Assigned task -> From the entries below, output the line with "In the SLC IT" and each following line up to and including the line with "Let's start out", exactly as written.

(Entries taken from a collection)
= = = = = = =

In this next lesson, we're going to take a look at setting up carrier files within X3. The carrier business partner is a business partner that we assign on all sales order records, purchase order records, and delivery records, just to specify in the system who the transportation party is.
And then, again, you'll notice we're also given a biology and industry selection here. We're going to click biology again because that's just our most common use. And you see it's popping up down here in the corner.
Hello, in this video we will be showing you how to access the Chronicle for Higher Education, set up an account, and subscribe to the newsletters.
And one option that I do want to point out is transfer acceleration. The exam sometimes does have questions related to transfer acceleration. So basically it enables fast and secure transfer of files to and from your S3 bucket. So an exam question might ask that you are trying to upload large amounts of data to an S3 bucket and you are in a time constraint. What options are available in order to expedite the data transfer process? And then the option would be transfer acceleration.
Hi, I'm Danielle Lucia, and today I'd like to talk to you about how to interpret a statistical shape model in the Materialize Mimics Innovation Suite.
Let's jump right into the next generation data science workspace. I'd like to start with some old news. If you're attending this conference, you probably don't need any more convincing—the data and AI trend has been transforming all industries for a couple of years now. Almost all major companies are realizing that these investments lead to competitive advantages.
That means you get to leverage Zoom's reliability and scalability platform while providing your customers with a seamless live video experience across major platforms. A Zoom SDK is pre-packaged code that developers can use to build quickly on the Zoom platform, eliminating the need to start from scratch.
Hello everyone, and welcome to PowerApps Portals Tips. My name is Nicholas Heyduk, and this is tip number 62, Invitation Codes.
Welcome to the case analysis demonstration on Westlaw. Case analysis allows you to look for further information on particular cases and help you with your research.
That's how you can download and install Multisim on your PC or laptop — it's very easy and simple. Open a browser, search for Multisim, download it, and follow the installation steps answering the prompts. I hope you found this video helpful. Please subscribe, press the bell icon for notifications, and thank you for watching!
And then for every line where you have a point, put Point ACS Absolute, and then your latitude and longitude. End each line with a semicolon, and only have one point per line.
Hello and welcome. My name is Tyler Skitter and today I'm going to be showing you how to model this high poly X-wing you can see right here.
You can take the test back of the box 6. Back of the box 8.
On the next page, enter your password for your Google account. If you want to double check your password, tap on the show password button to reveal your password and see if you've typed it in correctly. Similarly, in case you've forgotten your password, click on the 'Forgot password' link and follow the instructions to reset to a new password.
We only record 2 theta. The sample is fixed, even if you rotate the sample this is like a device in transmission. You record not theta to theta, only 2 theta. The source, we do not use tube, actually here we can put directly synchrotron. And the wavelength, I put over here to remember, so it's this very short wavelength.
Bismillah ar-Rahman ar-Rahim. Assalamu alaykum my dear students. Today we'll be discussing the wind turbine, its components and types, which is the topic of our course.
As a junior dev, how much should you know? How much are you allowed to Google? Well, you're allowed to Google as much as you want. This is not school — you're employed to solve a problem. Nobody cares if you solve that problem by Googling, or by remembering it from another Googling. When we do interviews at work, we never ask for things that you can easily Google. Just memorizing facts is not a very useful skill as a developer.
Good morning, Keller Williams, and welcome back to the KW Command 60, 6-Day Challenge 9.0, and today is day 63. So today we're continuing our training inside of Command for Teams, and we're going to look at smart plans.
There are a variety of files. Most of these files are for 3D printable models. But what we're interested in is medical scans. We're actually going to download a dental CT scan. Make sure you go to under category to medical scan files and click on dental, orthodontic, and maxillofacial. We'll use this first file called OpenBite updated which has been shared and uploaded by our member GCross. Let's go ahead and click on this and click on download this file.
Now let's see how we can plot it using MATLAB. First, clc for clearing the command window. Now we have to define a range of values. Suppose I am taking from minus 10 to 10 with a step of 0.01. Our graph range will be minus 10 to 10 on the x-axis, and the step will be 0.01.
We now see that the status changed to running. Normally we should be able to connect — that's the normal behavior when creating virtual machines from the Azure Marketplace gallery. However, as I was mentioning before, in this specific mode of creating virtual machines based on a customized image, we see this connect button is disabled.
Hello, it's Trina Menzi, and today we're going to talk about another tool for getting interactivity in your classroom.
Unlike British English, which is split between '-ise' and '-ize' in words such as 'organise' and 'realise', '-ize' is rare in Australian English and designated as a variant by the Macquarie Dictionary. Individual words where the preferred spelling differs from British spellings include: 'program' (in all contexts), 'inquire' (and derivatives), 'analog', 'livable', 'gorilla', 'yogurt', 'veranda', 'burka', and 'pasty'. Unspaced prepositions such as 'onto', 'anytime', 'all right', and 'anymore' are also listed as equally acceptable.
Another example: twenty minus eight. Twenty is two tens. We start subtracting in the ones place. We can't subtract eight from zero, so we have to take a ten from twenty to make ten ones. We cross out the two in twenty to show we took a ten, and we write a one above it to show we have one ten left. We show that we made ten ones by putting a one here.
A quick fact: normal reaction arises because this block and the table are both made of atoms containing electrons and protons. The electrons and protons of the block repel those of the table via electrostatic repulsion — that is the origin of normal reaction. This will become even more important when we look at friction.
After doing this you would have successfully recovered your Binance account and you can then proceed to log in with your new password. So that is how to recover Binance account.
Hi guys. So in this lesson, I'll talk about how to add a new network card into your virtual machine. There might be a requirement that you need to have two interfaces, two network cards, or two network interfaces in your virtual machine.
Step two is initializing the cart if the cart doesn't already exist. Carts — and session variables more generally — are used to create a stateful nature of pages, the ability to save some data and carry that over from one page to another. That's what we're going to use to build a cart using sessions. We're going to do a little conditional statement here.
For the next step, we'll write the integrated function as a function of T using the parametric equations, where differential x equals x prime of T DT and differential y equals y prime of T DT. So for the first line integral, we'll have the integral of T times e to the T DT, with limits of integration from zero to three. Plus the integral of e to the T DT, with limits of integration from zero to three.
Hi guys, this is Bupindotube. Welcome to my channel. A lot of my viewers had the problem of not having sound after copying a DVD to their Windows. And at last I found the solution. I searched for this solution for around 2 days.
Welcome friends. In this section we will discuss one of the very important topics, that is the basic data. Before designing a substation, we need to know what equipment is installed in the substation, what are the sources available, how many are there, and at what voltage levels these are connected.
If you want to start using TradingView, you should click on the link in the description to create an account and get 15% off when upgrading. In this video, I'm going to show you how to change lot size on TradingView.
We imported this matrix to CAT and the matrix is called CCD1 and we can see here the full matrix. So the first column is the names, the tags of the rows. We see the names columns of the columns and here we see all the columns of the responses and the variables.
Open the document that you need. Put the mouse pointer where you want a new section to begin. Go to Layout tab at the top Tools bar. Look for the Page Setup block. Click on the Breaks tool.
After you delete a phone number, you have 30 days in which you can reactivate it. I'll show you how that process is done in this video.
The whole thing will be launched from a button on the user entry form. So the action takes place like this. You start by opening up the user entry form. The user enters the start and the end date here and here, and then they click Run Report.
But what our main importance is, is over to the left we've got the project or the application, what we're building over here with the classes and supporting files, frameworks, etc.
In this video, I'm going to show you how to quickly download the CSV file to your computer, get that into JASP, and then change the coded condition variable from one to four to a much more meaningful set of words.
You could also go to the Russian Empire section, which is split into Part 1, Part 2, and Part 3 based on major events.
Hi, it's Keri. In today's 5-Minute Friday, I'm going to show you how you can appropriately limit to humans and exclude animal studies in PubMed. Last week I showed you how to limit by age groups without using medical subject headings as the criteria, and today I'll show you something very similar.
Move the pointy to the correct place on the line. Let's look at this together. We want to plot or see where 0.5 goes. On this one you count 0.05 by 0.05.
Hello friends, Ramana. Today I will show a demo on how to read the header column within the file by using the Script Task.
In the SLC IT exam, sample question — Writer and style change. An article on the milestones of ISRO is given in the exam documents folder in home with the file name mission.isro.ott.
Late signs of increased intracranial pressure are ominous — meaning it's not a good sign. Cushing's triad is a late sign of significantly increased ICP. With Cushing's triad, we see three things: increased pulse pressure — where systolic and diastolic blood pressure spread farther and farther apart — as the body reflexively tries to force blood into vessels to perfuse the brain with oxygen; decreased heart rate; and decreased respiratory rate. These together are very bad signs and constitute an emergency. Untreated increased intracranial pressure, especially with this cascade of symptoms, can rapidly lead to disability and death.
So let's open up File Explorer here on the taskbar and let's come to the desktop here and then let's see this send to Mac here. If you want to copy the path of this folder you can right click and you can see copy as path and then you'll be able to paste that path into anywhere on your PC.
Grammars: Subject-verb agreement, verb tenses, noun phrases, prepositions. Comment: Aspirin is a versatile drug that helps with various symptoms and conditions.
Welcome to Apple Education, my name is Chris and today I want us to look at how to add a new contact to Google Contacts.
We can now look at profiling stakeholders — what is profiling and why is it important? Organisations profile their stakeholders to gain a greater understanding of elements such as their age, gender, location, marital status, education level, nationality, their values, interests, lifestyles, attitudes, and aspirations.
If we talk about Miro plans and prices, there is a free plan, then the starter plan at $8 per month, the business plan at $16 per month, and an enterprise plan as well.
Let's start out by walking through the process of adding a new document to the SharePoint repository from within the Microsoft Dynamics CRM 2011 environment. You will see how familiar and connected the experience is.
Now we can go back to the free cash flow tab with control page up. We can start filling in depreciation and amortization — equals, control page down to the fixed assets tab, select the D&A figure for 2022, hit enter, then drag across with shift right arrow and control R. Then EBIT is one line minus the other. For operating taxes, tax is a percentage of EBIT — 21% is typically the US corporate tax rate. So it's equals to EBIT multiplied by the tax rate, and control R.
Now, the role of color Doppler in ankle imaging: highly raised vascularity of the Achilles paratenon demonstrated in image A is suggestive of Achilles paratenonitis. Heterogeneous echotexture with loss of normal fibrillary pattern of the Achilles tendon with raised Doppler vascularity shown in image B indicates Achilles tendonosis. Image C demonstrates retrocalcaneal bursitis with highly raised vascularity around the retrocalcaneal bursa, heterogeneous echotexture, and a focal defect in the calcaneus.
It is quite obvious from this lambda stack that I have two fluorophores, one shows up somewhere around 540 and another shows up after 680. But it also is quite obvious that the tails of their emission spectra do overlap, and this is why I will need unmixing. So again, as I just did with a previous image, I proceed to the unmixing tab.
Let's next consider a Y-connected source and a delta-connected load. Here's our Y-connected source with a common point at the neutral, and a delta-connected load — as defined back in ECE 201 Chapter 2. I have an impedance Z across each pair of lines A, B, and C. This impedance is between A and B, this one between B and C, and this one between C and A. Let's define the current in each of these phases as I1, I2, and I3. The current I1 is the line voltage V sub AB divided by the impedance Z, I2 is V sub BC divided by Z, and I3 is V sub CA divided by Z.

= = = = = = =

Response ->
In the SLC IT exam, sample question — Writer and style change. An article on the milestones of ISRO is given in the exam documents folder in home with the file name mission.isro.ott.
Late signs of increased intracranial pressure are ominous — meaning it's not a good sign. Cushing's triad is a late sign of significantly increased ICP. With Cushing's triad, we see three things: increased pulse pressure — where systolic and diastolic blood pressure spread farther and farther apart — as the body reflexively tries to force blood into vessels to perfuse the brain with oxygen; decreased heart rate; and decreased respiratory rate. These together are very bad signs and constitute an emergency. Untreated increased intracranial pressure, especially with this cascade of symptoms, can rapidly lead to disability and death.
So let's open up File Explorer here on the taskbar and let's come to the desktop here and then let's see this send to Mac here. If you want to copy the path of this folder you can right click and you can see copy as path and then you'll be able to paste that path into anywhere on your PC.
Grammars: Subject-verb agreement, verb tenses, noun phrases, prepositions. Comment: Aspirin is a versatile drug that helps with various symptoms and conditions.
Welcome to Apple Education, my name is Chris and today I want us to look at how to add a new contact to Google Contacts.
We can now look at profiling stakeholders — what is profiling and why is it important? Organisations profile their stakeholders to gain a greater understanding of elements such as their age, gender, location, marital status, education level, nationality, their values, interests, lifestyles, attitudes, and aspirations.
If we talk about Miro plans and prices, there is a free plan, then the starter plan at $8 per month, the business plan at $16 per month, and an enterprise plan as well.
Let's start out by walking through the process of adding a new document to the SharePoint repository from within the Microsoft Dynamics CRM 2011 environment. You will see how familiar and connected the experience is.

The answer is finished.